Shrinking networks of doctors and hospitals covered by plans increasingly lurk as pitfalls in the individual market, which serves more than 200,000 Oregonians. And so does a landscape of premiums and subsidies that continues to shift.
These changes come as the Trump administration's newly compressed deadline leaves consumers half the time to do the research they need, increasing the likelihood of a costly wrong decision.
"If a consumer is not paying attention to the letters that they got from their carrier, or they're not making any changes or checking networks, they're going to have some big surprises," says Lisa Lettenmaier, who owns the Health Source NW brokerage in Tigard.
For the Affordable Care Act, this year could be a crucial test. Already, record enrollment rates this month on the national level have sparked experts to observe that Obamacare's demise may have been greatly exaggerated.
"I've had to start turning people away," Lettenmaier says. "We're slammed."
In 2010, Congress approved the Patient Protection and Affordable Care Act, and it kicked in full bore in 2013-14. Commonly known as Obamacare, the law prohibited insurers from denying coverage to people with preexisting conditions, even some as easily treatable as hypertension.
That was great news for hundreds of thousands of Oregonians who won meaningful access to insurance. But it also meant a lot of sick people entered the individual market, adding medical costs that needed to be shared among all consumers.
The law came with an individual mandate — requiring all people to get coverage who were not subject to an exemption. But insurance executives and other analysts have said failing to enroll has not been accompanied by penalties high enough to compel healthy people to enroll. Without premiums from enough healthy people to balance out the costs of the sick, premiums have soared.
In recent months, Trump has sent mixed messages as to whether the existing mandate will be enforced, and Congress is currently mulling a proposal to eliminate the mandate entirely, which could result in health rates that are an estimated 10 percent higher on average in future years.

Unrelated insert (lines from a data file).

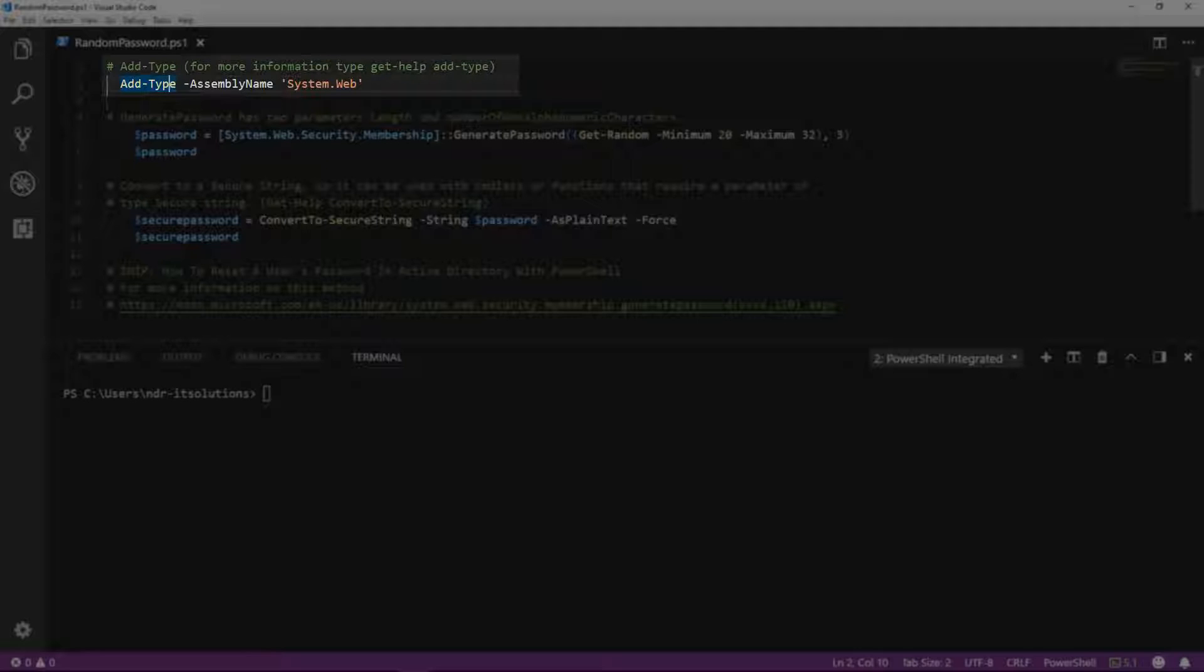The add-type commandlet lets you define a .NET framework class in your Windows PowerShell session. For more information, type get-help add-type.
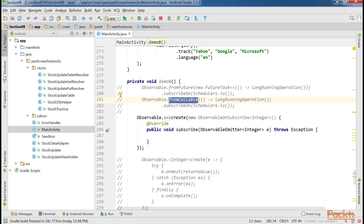However, it's almost always mandatory to use .create whenever multiple values will be returned, and in cases where we need to receive values from some external listener.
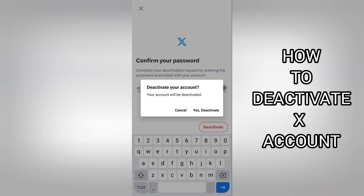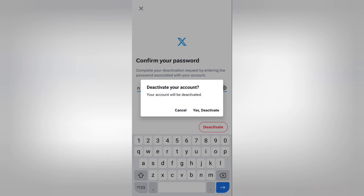Thanks for watching, guys. This is how you can deactivate your account on X, formally Twitter. This can last up to 30 days, and if you think it was wrongfully done or a mistake, you can also reactivate it. Thanks for watching — I'll see you in my next one.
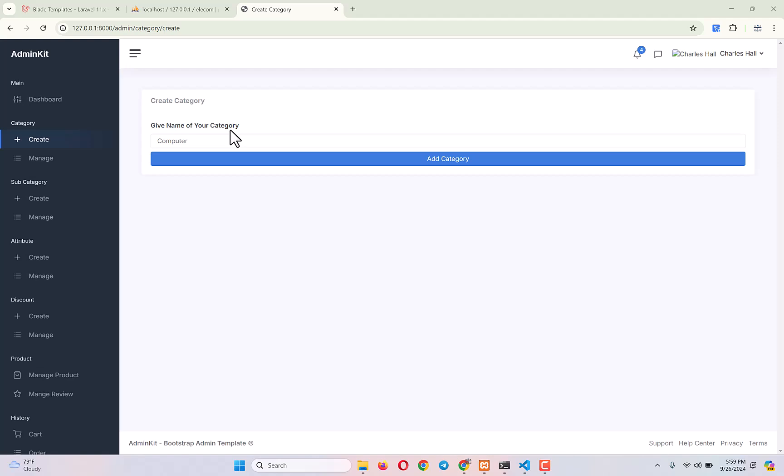Hello everyone, welcome back to the complete Laravel e-commerce project tutorial series. In our last video I showed you how we can display success and error messages on submitting a form, which helps us to create a category in our database.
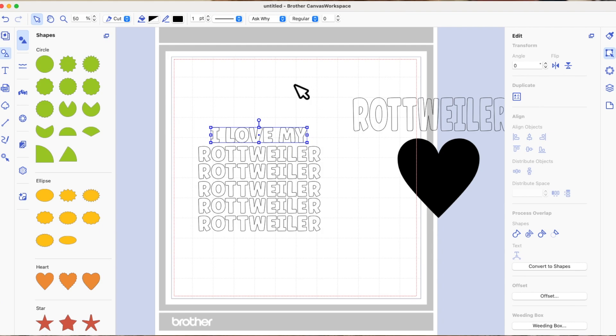I've typed 'I Love My' using a font called Ask Why, which is free from Creative Fabrica — that will be linked in the accompanying blog post on my website. If you're watching on YouTube, under the description click 'Show More' or the downward-facing arrow on mobile, and in the description it will link to my website and blog where you can find any links for anything I'm using.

People buying their own policies need to do their homework, according to Lettenmaier, a past president of the Oregon chapter of The National Association of Insurance and Financial Advisors, who has tracked the implementation of the federal health law closely.
Double-check your network
In the early years of Obamacare, consumers in the individual market had choices that gave them broad freedom to choose providers without penalties.
But that is no longer the case. To cut costs,
carriers are more and more embracing the model of Kaiser Permanente, restricting member benefits to small networks of providers, except in cases of emergency.
But to ascertain how these changes affect you is not always obvious. For instance, though Regence BlueCross BlueShield and its affiliate, BridgeSpan Health, still sell insurance in the Portland area, their network is completely different, Lettenmaier says.
The two companies no longer use the Legacy network, meaning the number of providers available "is a lot smaller."
So consumers need to check with their provider, paying particular attention to the specific plan and network their provider is involved in. Different plans offered by a particular health insurer may offer different provider networks.
Consumers who relied on health coverage to fund Legacy providers as well as OHSU now must decide which is most important to them.
"They've got to pick and choose," says Lettenmaier, "It is going to create some major hardships for people if they are not paying attention."
Meanwhile, Portland-area customers of Providence Health will no longer be able to access its broadest provider network. Lettenmaier says that roughly a third of the time, she's finding that consumers who used Providence last year are finding that their doctor or other provider is no longer a part of the Portland-area provider network.
Many insurers, like Providence, either offer no coverage when you go out of network, or they include far greater penalties.
Check your rates
Each year, consumers in the individual market receive notices of their rate changes if they choose to stay with their current plan. But in October, rates for all "silver" plans — essentially health insurers' middle-of-the-road benefit plans — were boosted by 7.1 percent statewide — a change mandated by Oregon regulators to offset the Trump administration's decision to stop paying out Obamacare's cost-sharing subsidies.
The increase in rates will forestall massive losses to insurers, and also ensure that for those making less than 400 percent of the federal poverty level, significant subsidies remain available.
But the result is that a lot of people on silver plans may be better off shifting to the less-rich bronze plans, or even to gold-level plans.
On the plus side, the boost in silver rates actually helps households earning less than 400 percent of poverty level. Because the subsidized tax credits they obtain from HealthCare.gov are pegged to the cost of silver plans, richer benefits are now available for Oregonians whether they purchase a bronze, silver or gold plan.